Star Trek: Discovery – “The Sound of Thunder” (season 2, episode 6)
Written by Bo Yeon Kim & Erika Lippoldt; directed by Douglas Aarniokoski; first aired in 2019
As both Saru and Dr. Culber recover from recent life-changing experiences (quite literally, in Culber’s case), the Discovery detects a new signal, seemingly from the Red Angel, above Saru’s home planet of Kaminar. Attempts to communicate with the Ba’ul – the space-faring but isolationist species from Kaminar who have long subjugated Saru’s fellow Kelpiens in what they call the “Great Balance” – go nowhere. Saru and Michael Burnham beam down to gather information, but not before Saru, now free from his fear-inducing threat-ganglia and furious at the Ba’ul for their treatment of his people, nearly comes to fisticuffs with Captain Pike. On the planet, Saru is reunited with his sister, Siranna, but is detected by the Ba’ul, who demand that he be handed over to them. An increasingly impatient and uncharacteristically aggressive Saru defies orders and surrenders himself to the Ba’ul to keep them from hurting his fellow Kelpiens, only to be told by the Ba’ul that the Kelpiens are, in fact, the dominant predators on Kaminar; the “Great Balance” was established to stop them from hunting the Ba’ul to extinction, by preventing any Kelpiens from reaching the predatory stage of their life cycle, as Saru has. Saru escapes and techno-babbles a way to trigger “vahar’ai” in all Kelpiens simultaneously, causing them all to lose their threat-ganglia. The Ba’ul respond by triggering a failsafe meant to exterminate all Kelpiens across the planet, but the Red Angel intervenes, destroying the Ba’ul’s weapons and leaving both species to work toward a better “balance.”
When fans talk, write, or angrily Tweet about Star Trek, a lot of what gets said tends to be about the franchise’s world-building – about how, exactly, its technology, alien civilizations, and utopian Federation might actually work. The Prime Directive, or General Order 1, serves as a source of much debate, partly because it’s one of the very, very few mechanics of that utopian Federation which are ever made explicit. We know precious little about how the Federation’s economy works, or its political structure, or its news and entertainment media, but we do know that it has a strict policy against interfering in the development of alien civilizations. And so, fans hash out the ethics of General Order 1, or the logistics of it, or the way it’s interpreted and/or ignored by various Starfleet officers across the various incarnations of Star Trek. But the franchise itself often seems less interested in such details of how its universe works, and a lot more interested in using that universe as a source of metaphors, analogies, and classic sci-fi high concepts. The contrived holodeck malfunction of “Our Man Bashir” is ludicrous, but it allows Deep Space Nine to explore the way fictional narratives impact our view of the real world; in “Darmok,” the idea of a language based entirely on allusion and cultural reference doesn’t necessarily hold up to close scrutiny, but it does allow The Next Generation to explore the relationship between language and culture. As fascinated as a nerd like me might be by the implications and inner workings of General Order 1, it mostly works the way it needs to work – and is enforced or ignored by our characters as much as it needs to be – in order to play out the sci-fi dilemma of the week. The Original Series’ “A Taste of Armageddon” and Discovery’s “The Sound of Thunder” both serve as … questionable examples of how General Order 1 would influence the Federation’s treatment of other cultures. But they both do so in order to tell classic high-concept morality tales, which comment on contemporary current events and the human condition – and which showcase both the strengths and the weaknesses of this kind of storytelling.

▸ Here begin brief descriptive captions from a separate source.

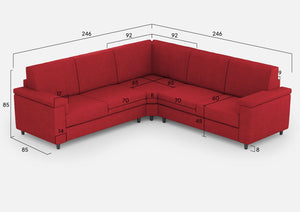Divano Angolare 5 Posti 246x246x85 cm Marrak in Tessuto Rosso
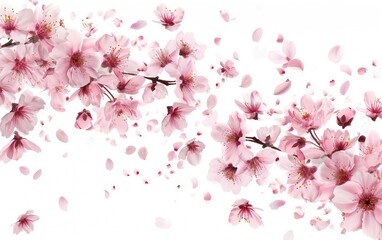 Fototapeta premium Pink cherry blossoms and falling petals on a white background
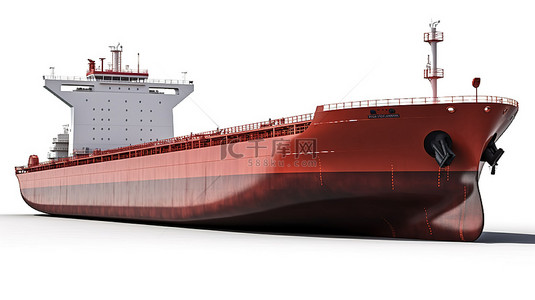 用 3D 技术创建的白色背景上描绘的当代货运船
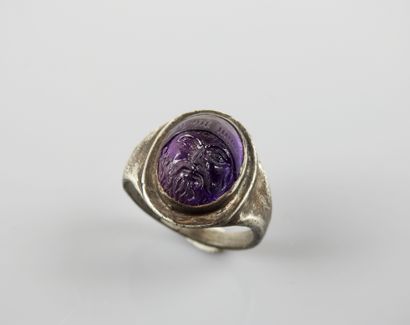 null Silver ring roman style intaglio amethyst profile of the God Mars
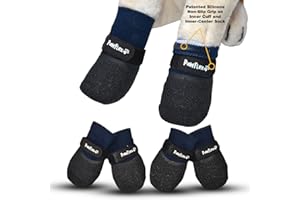 Double Dipped Thick Textured Waterproof Cotton Dog Socks | PawFlex Comfy Pawz Soft Indoor/Outdoor Pet Booties | Non-Slip Silicone Grip at Inner Wrist for No Twisting or Sliding Off| Adjustable Strap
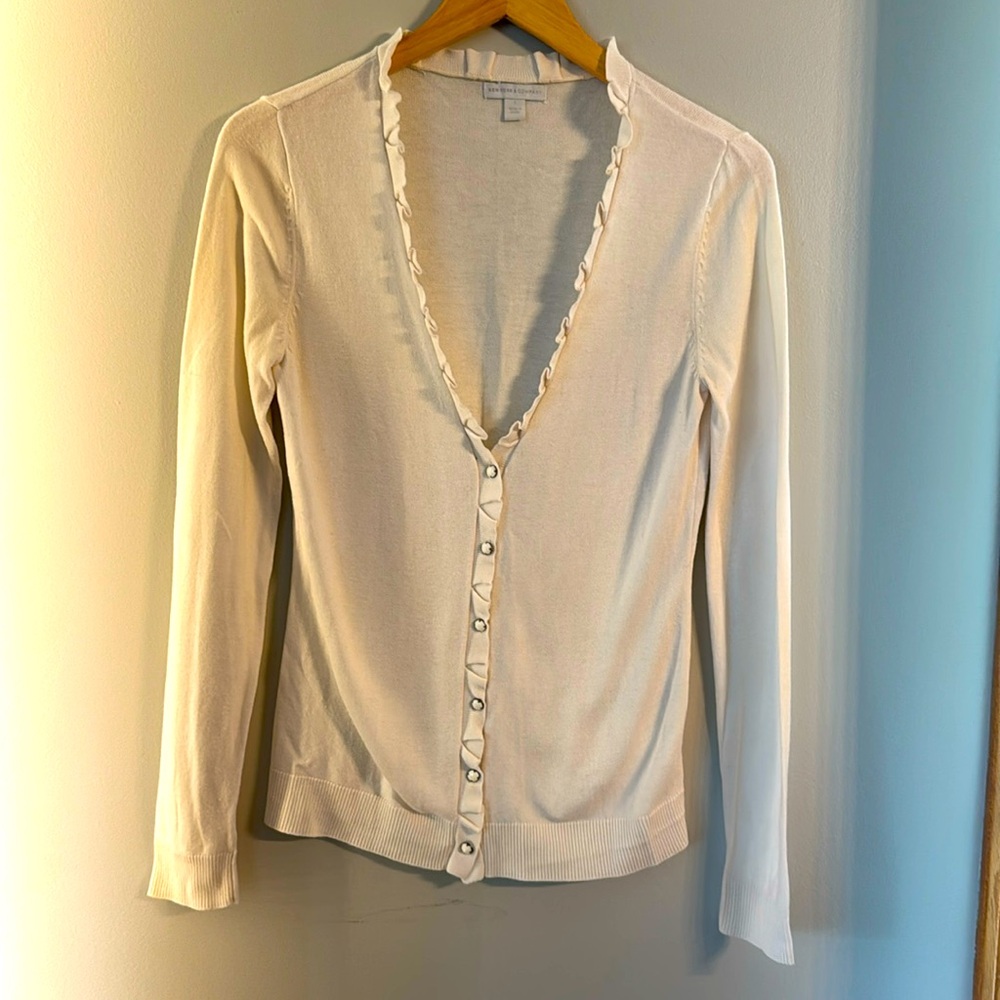 NY & Co Cream Button-Up Cardigan
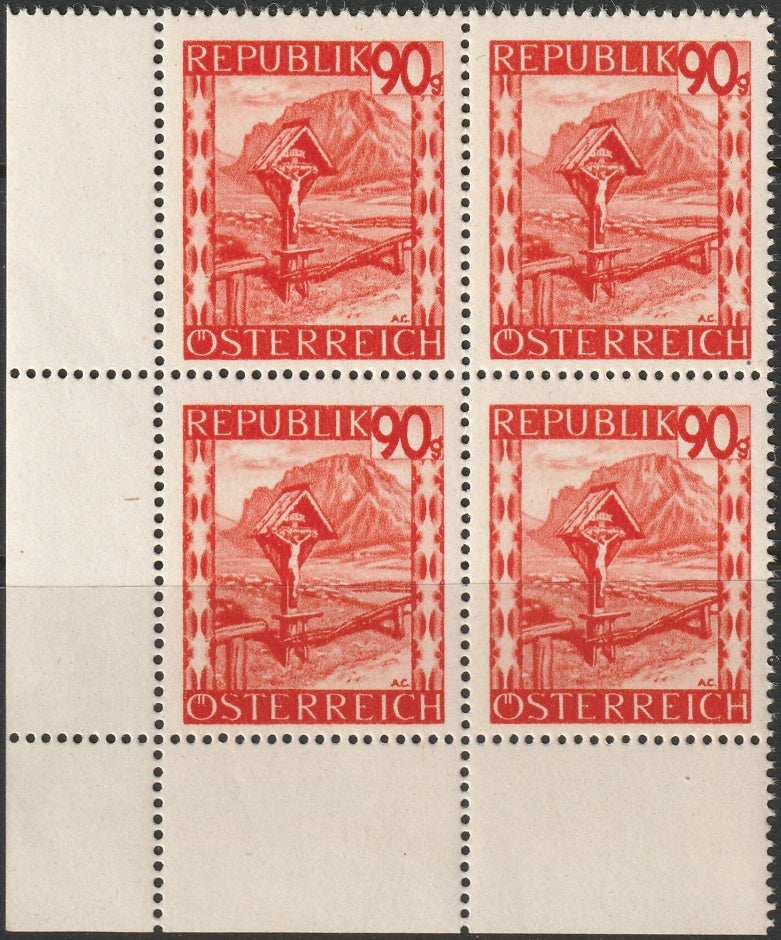 Austria 1948 Sc 511 corner block MNH**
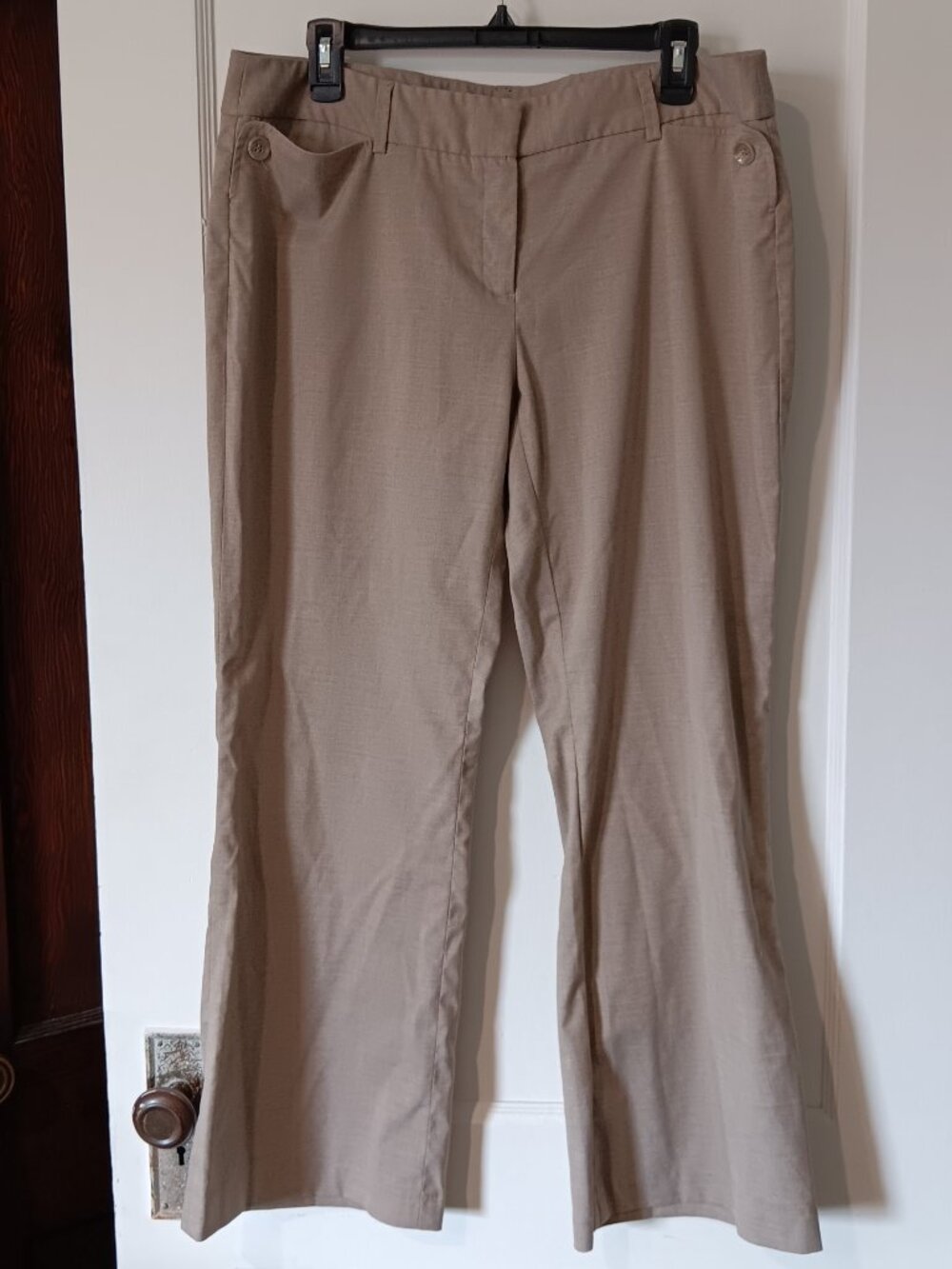 Dalia Collection Neutral Tan/Khaki Bootcut Pants Trousers 14P Business Casual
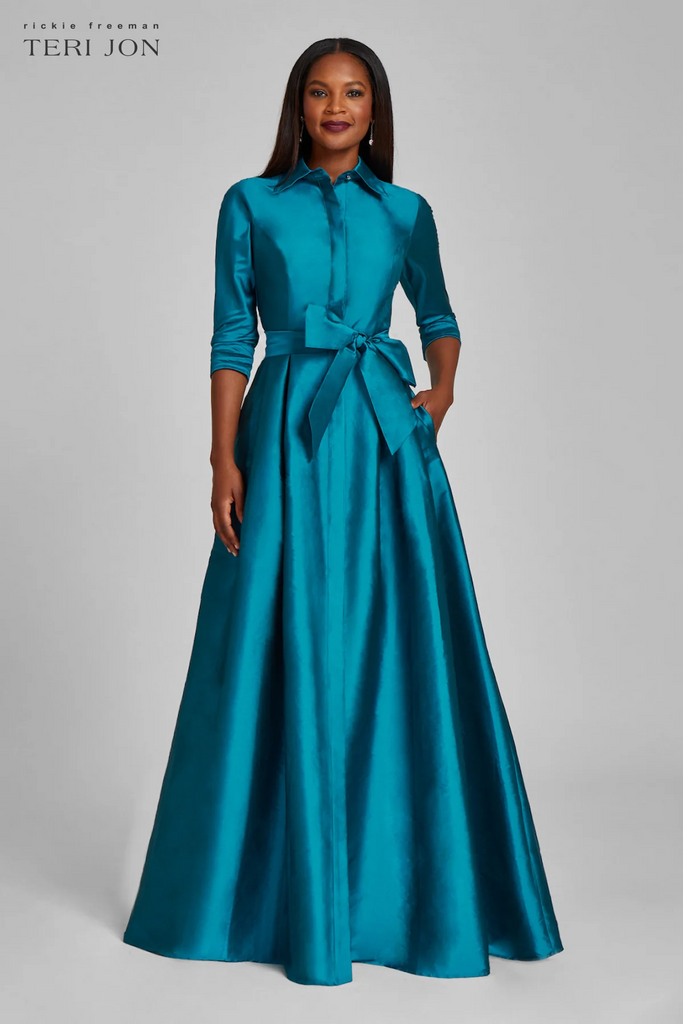 Teri Jon Taffeta Shirt Waist Evening Gown 229051 Terry Costa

“A Taste of Armageddon” isn’t exactly a high point in first contact history for the Federation. The Original Series’ first mention of a “Prime Directive of non-interference” can be found in the episode that first aired immediately before this one, “Return of the Archons,” in which an alien society is controlled by a computer. That Directive isn’t mentioned in “Armageddon” though, despite the striking similarities between the two episodes. This isn’t so strange, in and of itself; I’d argue that The Original Series was more an anthology series than an ongoing drama, in the way we’d use those terms today, and that we can’t expect it to conform to our contemporary obsession with strict continuity, or canon. But not only is there no mention of the Prime Directive here, the spirit behind it is almost entirely absent, as well. Ambassador Fox’s insistence on visiting the Eminians, in defiance of their explicit warning that the Enterprise stay away, is both disturbingly colonial and obviously foolish – a good way to get people killed, if not start an all-out war. And despite Captain Kirk’s sensible objections to this, he ends up going even farther than Fox, first threatening to literally destroy Eminian society, and then single-handedly changing that society forever by destroying their war simulation. As disturbing as it is that the Eminians sacrifice real people to a simulated war (more on that later), ending that simulation is a huge decision for Kirk to make on their behalf, with no guarantee that it won’t cause the un-simulated war with Vendikar that the Eminians are afraid of. (It’s kind of fun to imagine Captain Picard on The Next Generation, a Prime Directive absolutist, nearly having an aneurysm while reading about this in the history books.) And this is to say nothing of “General Order 24,” Kirk’s threat to use the Enterprise’s weapons to wipe all Eminians off the face of their own planet. That Starfleet would allow such a thing, let alone have a General Order devoted to it, is so out of line with my understanding of their guiding principles that I think I’d always assumed it to be a bluff … but it doesn’t appear to be, as far as I can tell after re-watching the episode.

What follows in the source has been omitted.